American conservatives in search of novelty and excitement almost always begin by turning their backs on our ancient liberties, especially our economic liberties, and generally end up under the sway of some foreign caudillo (Franco! Pinochet! Putin! Orbán!) or some exotic fanaticism (Neo-Nationalism! Integralism! Habsburg legitimism!), or else veer off predictably into race obsession and other distasteful enthusiasms of that nature. Because the hatred of adjacent heretics is more intimate and more intense than the hatred of distant infidels, these rightists end up doing things that would be otherwise inexplicable, e.g., making common cause with the Marxists so long as doing so gets up the noses of one or two of the three remaining active neoconservatives and the president of the Libertarian Club of Knockemstiff, Ohio.
(There are ordinary career-building and financial incentives in play, too, but let’s set those aside for the moment.)
The old “fusionist” approach to conservatism was based on the various right-wing factions’ having policy preferences and priorities that were in the best-case scenario complementary but in any case at least not mutually exclusive: Smith, who desired a more assertive U.S. foreign policy, found a reliable partner in Jones, whose main interest was minimizing economic regulation. Those who prized economic liberty could work with Irving Kristol’s “two cheers for capitalism,” but “Smash Capitalism!” is a very different kind of proposition. I don’t object to Le Pen’s offering to elevate the socialists or to Ahmari’s joint effort with the Marxists — these are their natural allies in the project of subjecting economic life to political regimentation. That project may be understood as conservatism in Aix-en-Provence or Castilla y León, but — call me parochial — I don’t think it can be understood that way in Houston or Jacksonville.

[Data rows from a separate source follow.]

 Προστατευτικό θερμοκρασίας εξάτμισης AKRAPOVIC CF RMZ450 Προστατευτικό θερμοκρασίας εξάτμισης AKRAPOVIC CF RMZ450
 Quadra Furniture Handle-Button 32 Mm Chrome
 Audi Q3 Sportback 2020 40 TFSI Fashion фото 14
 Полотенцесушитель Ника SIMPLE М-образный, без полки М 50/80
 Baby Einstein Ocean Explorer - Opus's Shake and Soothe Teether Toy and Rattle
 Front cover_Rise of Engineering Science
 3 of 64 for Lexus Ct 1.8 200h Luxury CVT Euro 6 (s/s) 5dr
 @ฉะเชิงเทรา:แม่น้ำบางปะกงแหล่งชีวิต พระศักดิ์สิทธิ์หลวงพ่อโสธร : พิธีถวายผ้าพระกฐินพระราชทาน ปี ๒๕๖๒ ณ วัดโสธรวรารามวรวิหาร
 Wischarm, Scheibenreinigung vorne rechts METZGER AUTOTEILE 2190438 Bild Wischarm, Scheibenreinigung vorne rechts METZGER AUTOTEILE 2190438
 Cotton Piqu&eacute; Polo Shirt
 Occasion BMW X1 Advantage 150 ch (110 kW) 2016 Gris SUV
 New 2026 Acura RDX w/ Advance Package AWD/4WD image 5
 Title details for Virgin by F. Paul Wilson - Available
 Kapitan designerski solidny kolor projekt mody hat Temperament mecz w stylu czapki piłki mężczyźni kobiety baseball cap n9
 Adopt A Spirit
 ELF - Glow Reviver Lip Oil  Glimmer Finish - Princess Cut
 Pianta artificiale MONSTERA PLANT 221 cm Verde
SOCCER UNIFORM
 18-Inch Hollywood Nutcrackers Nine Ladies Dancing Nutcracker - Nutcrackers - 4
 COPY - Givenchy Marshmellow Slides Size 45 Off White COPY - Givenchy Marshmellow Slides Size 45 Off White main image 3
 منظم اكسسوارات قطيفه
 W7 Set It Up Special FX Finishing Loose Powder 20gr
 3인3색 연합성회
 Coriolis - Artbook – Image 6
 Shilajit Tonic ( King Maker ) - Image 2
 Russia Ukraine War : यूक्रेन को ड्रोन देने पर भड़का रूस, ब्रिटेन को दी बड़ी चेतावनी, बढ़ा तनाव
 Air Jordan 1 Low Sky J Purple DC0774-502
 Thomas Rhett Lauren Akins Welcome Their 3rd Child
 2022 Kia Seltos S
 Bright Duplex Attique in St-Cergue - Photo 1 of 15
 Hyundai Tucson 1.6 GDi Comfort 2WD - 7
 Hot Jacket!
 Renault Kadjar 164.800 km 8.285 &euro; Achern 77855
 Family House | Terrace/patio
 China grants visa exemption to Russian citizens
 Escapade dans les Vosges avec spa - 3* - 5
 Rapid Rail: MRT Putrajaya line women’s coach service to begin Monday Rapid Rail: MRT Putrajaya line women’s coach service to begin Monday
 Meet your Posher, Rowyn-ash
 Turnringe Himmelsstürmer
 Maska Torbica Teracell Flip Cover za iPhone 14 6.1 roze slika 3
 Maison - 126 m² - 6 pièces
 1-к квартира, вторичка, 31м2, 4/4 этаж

With all due respect to this magazine’s beloved founder, I am not sure that there is any such thing as a “radical conservative,” and bitter experience suggests that radical rightism very often ends up running into the same ditch as radical leftism.
You can have the excitement, the radicalism, and the strange new respect for socialism — I’ll take boring old liberty and property rights, and the necessary means to defend them.